Every once in awhile, I get to thinking about what life would be like if bluegrass was mainstream. And then I wake up.
Still, there are decades of great bluegrass behind us, and more wonderful albums being released every month. With fewer and fewer stores stocking bluegrass (and music in general), some of us may have a hard time finding the music we love. With less selection comes fewer chances to come across and album and decide, "Yup-that's what I didn't know I was looking for today."
Gold...In A Way is my little way to occasionally remind ourselves of album we should be listening to. Today's edition looks back to 2002 and Rounder Records' release of James King's "Thirty Years of Farming," perhaps King's finest album start to finish. As we approach the first anniversary of "The Bluegrass Storyteller's" death at age 57, it seems a fine time to look back at this terrific album.
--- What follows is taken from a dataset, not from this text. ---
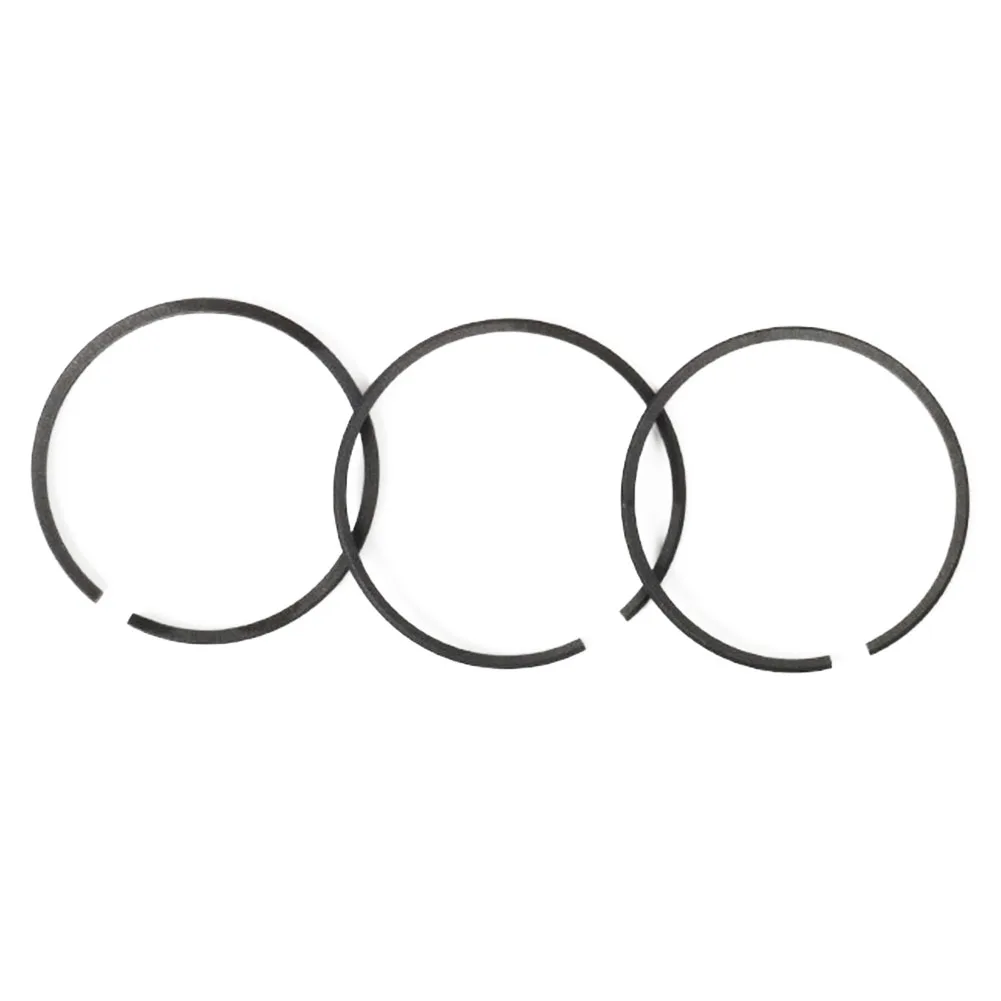 3pcs Air Compressor Piston Ring Pneumatic Drive Tight Connection Accessories For 55mm Cylinder Air Pumps Replacement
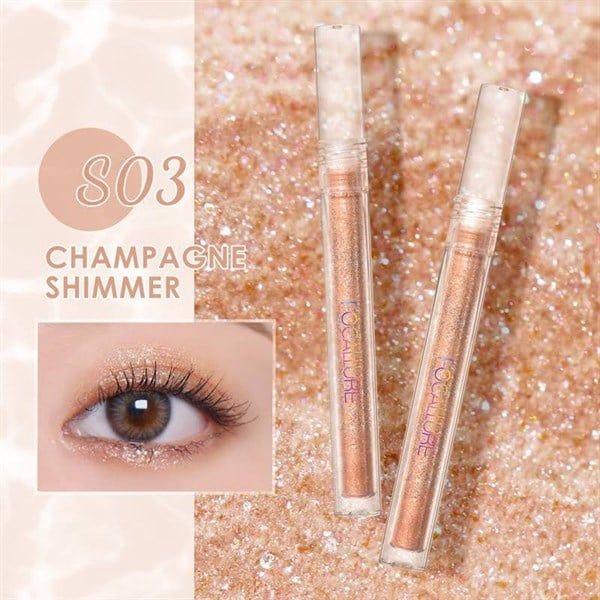 Nhũ Mắt Focallure Glittering Liquid eyeshadow FA195#G01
"Thirty Years of Farming" was James' fourth Rounder release, and when the album arrived I was immediately struck by the quality of the recording. As well, I found it to be a treat to have the singer backed by his touring band- no guests, no distractions- just hardcore, cry with your head on the steering wheel, road hewn, bluegrass!
With "Thirty Years of Farming," the Carroll County, Virginia native had again produced a nourishing blend of stellar bluegrass lead singing instrumentally backed, in turns, with sensitivity, passion, and drive. I found upon release and again listening today, that it was obvious why "Thirty Years of Farming" was chosen to kick off the album. The song would become a King signature, perhaps his most universally popular number and one that even adorned King's souvenir t-shirts in his final years.
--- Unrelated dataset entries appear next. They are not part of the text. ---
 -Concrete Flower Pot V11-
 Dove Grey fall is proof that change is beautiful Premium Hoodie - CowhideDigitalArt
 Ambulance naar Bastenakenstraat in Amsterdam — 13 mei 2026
King takes Fred Eaglesmith's tale of familial farming regret in a subtly different direction than the songwriter. Where Eaglesmith appeared never far from making the bankers pay for their heartless business acumen, King is resigned to the fate of the family farm, if no less emotionally invested- as if he saw the foreclosure coming from the very day the mortgage was signed.
The James King Band of the day- Kevin Prater (mandolin), Joe Clark (bass), Adam Poindexter (banjo), Owen Saunders (fiddle), and King (guitar)- were as talented a quintet as to be found in bluegrass. "Heartbreak Express" was given an aggressive Kentucky Thunder-type arrangement. The album closer, "Play Us A Waltz," was right in all the maudlin ways an old folks home lament should be. "Toil, Tears, and Trouble" featured tremendous mando breaks for those who like their bluegrass sounds fast and sharp. A couple songs closely associated with George Jones, "Flame In My Heart" and "Color of the Blues," were given soft, countrygrass arrangements.
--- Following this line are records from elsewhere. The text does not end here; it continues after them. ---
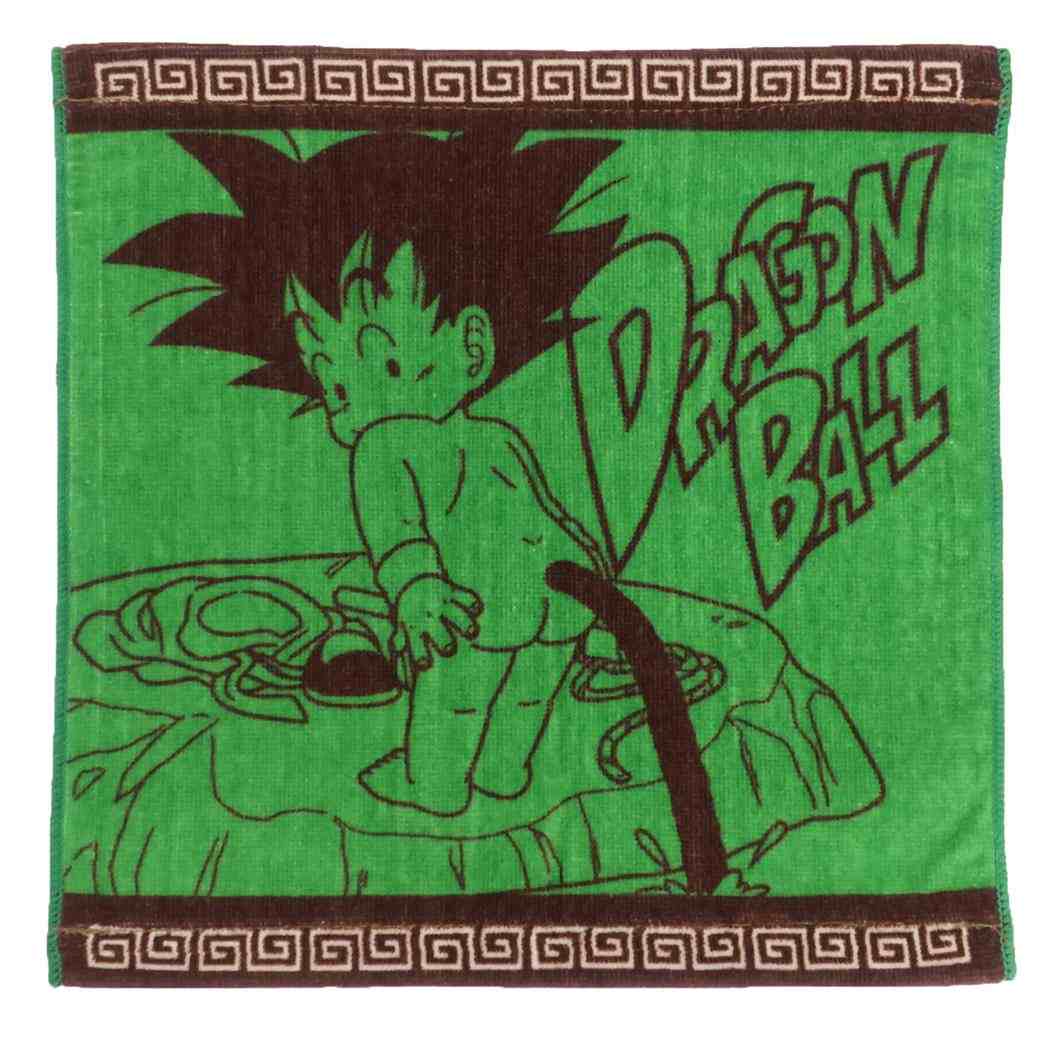 【ポイント10倍 & クーポン！】ドラゴンボール ミニタオル ハンドタオル 孫悟空 釣り スモールプラネット 汗拭きタオル アニメキャラクター グッズ メール便可 シネマコレクション画像
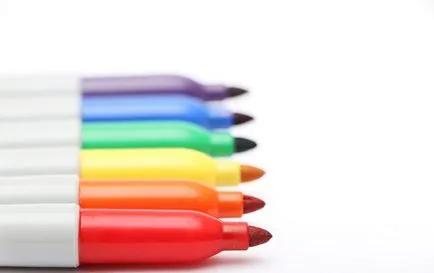 A törlési marker, mint az állandó cserje, amely tisztítja a címkéket, mint el lehet távolítani egy filctollal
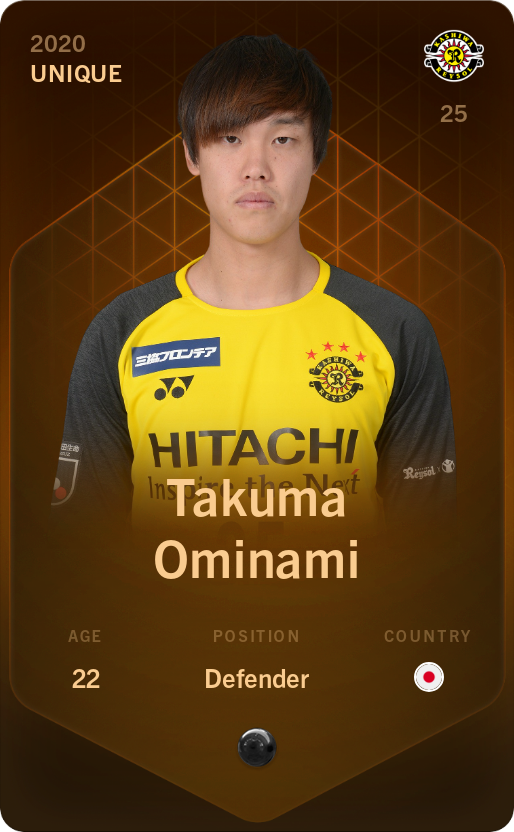 Sorare - Sorare Official - Takuma Ominami 2020-21 • Unique - NFT # 47282423570463904234284356143429839817670387312774951616189321163756083122717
Vocally, James King was never given to flash, and some might suggest he wasn't even especially distinctive in range or pitch; he never swooped down too low, and didn't soar terribly high. What King did do, perhaps better than anyone else, was become part of the song. He sold it. Anyone who experienced him live recalls how he would choke up on particular songs, overcome with the associated emotions.
With fifteen years of hindsight, and listening to his phrasing within "Roy Lee" (an amazing tribute to Roy Lee Centers written by Billy Smith and Mel Besher) or "Toil, Tears, and Trouble," one senses the restrain and control King possessed to sing without resorting to affectation. King sang like a dog chases trucks- with natural intensity. And this quality is apparent throughout "Thirty Years of Farming." A song I overlooked initially was "Days of Grey and Black," a Cullen Galyean song with which I wasn't familiar at the time. As many bluegrass albums have done, this one eventually sent me on a search for historical recordings.
Reviewing the album for "Bluegrass Now" in 2003, I expressed two complaints with "Thirty Years of Farming," both relating to song selection. "Here Today and Gone Tomorrow" appeared then to be just another song of a man carrying on about the woman who done him wrong ("some of them ain't ever satisfied") while refusing to accept any responsibility for the situation. That opinion hasn't changed. What has adjusted in my wee brain is the importance such a song has in the oeuvre. That down-on-life sufferer's perspective is just as valid as the next guy's, and who am I to judge if he wants to remain shattered by his own decisions. I may not appreciate this type of song as much as some may, but no one can argue with the strength of King's performance of the song.
Sung by mandolinist Kevin Prater, Carl Smith's "I Overlooked An Orchid" is a number better left to a previous generation- lyrically awkward and stale in theme: I stand by that judgment.
Despite that misstep, "Thirty Years of Farming," produced by Ken Irwin with assistance from Ray Deaton, completed the James King Grand Slam initiated by "Bed By The Window," "Lonesome and Then Some," and "These Old Pictures." King would go on to release another two albums, "The Bluegrass Storyteller" and the Grammy-nominated "Three Chords and the Truth." Recording for Rounder, King never released a bad album. "Thirty Years of Farming" remains a personal favorite, and may have been his recording pinnacle.